Note that, if binding arrays aren't supported (e.g. on WebGPU or WebGL
2),
then only the closest irradiance volume to the view will be taken into
account during rendering.
[*ambient cubes*]:
https://advances.realtimerendering.com/s2006/Mitchell-ShadingInValvesSourceEngine.pdf
[Mitchell 2006]:
https://advances.realtimerendering.com/s2006/Mitchell-ShadingInValvesSourceEngine.pdf
[Blender]: http://blender.org/
[baking tool]:
https://docs.blender.org/manual/en/latest/render/eevee/render_settings/indirect_lighting.html
[`bevy-baked-gi`]: https://github.com/pcwalton/bevy-baked-gi
### Implementation notes
This patch generalizes light probes so as to reuse as much code as
possible between irradiance volumes and the existing reflection probes.
This approach was chosen because both techniques share numerous
similarities:
1. Both irradiance volumes and reflection probes are cuboid bounding
regions.
2. Both are responsible for providing baked indirect light.
3. Both techniques involve presenting a variable number of textures to
the shader from which indirect light is sampled. (In the current
implementation, this uses binding arrays.)
4. Both irradiance volumes and reflection probes require gathering and
sorting probes by distance on CPU.
5. Both techniques require the GPU to search through a list of bounding
regions.
6. Both will eventually want to have falloff so that we can smoothly
blend as objects enter and exit the probes' influence ranges. (This is
not implemented yet to keep this patch relatively small and reviewable.)

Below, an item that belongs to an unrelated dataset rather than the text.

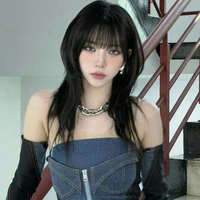 Zhong Yi Chen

To do this, we generalize most of the methods in the reflection probes
patch #11366 to be generic over a trait, `LightProbeComponent`. This
trait is implemented by both `EnvironmentMapLight` (for reflection
probes) and `IrradianceVolume` (for irradiance volumes). Using a trait
will allow us to add more types of light probes in the future. In
particular, I highly suspect we will want real-time reflection planes
for mirrors in the future, which can be easily slotted into this
framework.
## Changelog
> This section is optional. If this was a trivial fix, or has no
externally-visible impact, you can delete this section.
### Added
* A new `IrradianceVolume` asset type is available for baked voxelized
light probes. You can bake the global illumination using Blender or
another tool of your choice and use it in Bevy to apply indirect
illumination to dynamic objects.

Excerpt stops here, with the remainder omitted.